How will the shareholders react to this?
It’s a little too early to tell. Any listed company would need to ask its shareholders to forgo their right to profit at all costs, so there’s a little education needed there about having a longer-term view. But Lisa Stonestreet, head of communications and charity impact at the Eiris Foundation – a registered charity working to increase the positive impact of responsible investment – believes the momentum is there. “More and more, people are looking around and saying: ‘If our investment decisions are having a negative impact on the environment and on society, what kind of world will I be retiring into?’”

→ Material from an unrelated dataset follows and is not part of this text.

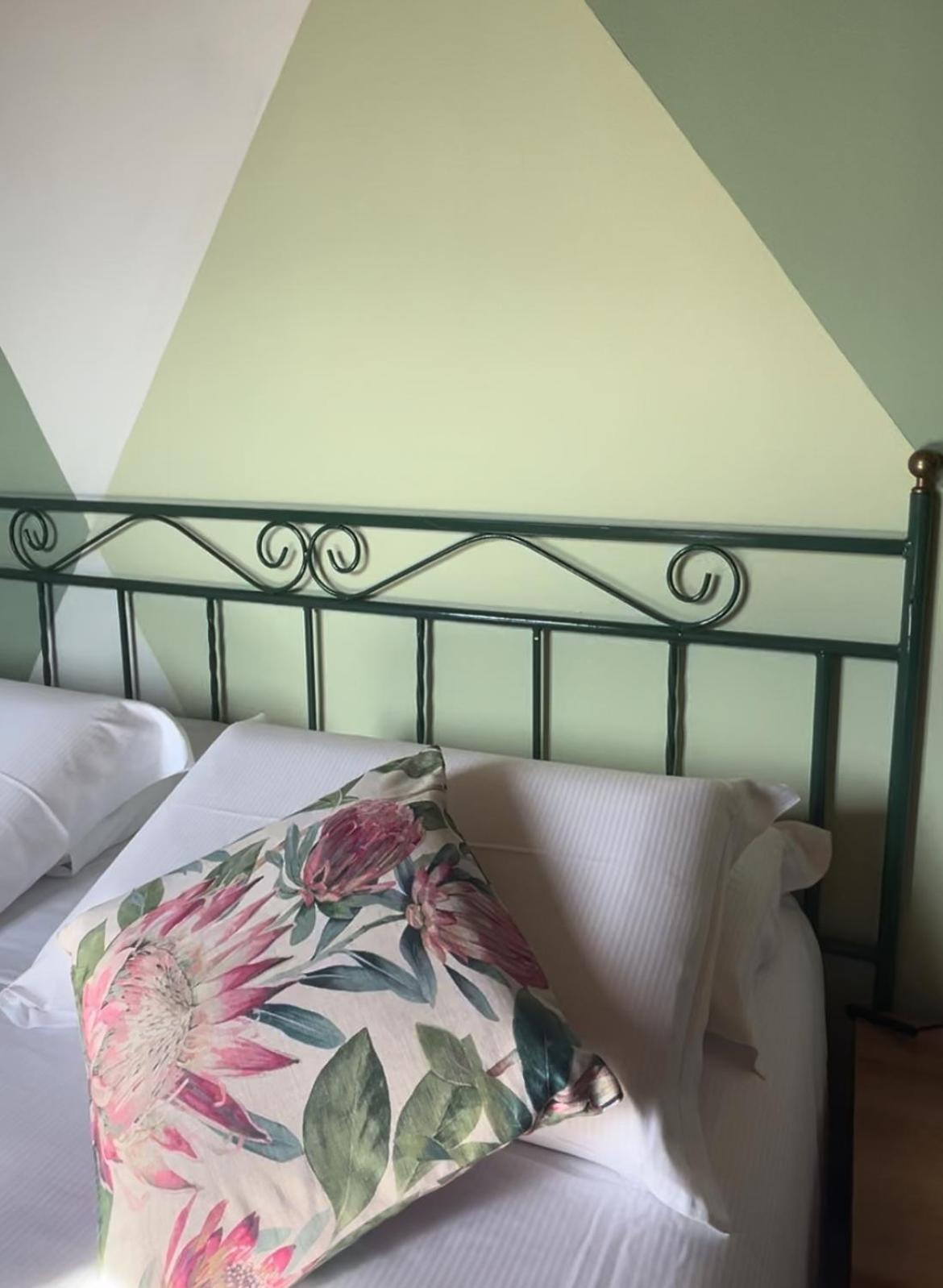 Hotel Dependance Pesce D'Oro Verbania Exteriér fotografie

Are there any listed B Corporations?
There are a few – the Brazilian cosmetics company Natura, which owns The Body Shop and employs more than 2 million people, for one. “They’ve had that difficult conversation with their shareholders,” says Turner. “We’re also talking to a lot of FTSE 100 and FTSE 250 companies about certification. It’s one of those things: who’s going to be the first? We hope after that the floodgates will open.” He also has an ace up his sleeve: “We’re pushing hard for the mandatory legal change B Corporations make to be an amendment to the Companies Act, so that the people, planet and profit triple bottom line applies to every business in the UK by default.”

Related: Green jobs for graduates: what should you study and how can you reskill?

So is it all about getting the badge?
Not necessarily. For every company that goes through the full assessment in the UK, there are about 25 using the tool simply to measure their environmental, social and governance (ESG) credentials, says Turner. Companies that might not previously have engaged with the subject are now taking it seriously. “Some people are scathing whenever a large corporation starts talking about sustainability or stewardship,” says Stonestreet. “But these companies need to know they can have constructive conversations about this if they’re to adjust.”

Does that mean all companies are thinking about these issues?
Maybe not all. Clare Reilly, head of corporate development at PensionBee, says that despite Extinction Rebellion and Greta Thunberg forcing us to ask ourselves questions, the pensions world is slow to change. “Your pension is probably still invested in oil. Maybe tobacco too.”

So we’re not quite there yet?
Not yet – but we’re making good progress. Let’s just say this radical and necessary transformation of corporate behaviour is a work-in-progress, but with 72% of people wanting businesses to have a legal responsibility to people and the planet, according to a B Labs poll in May, now is the time for change.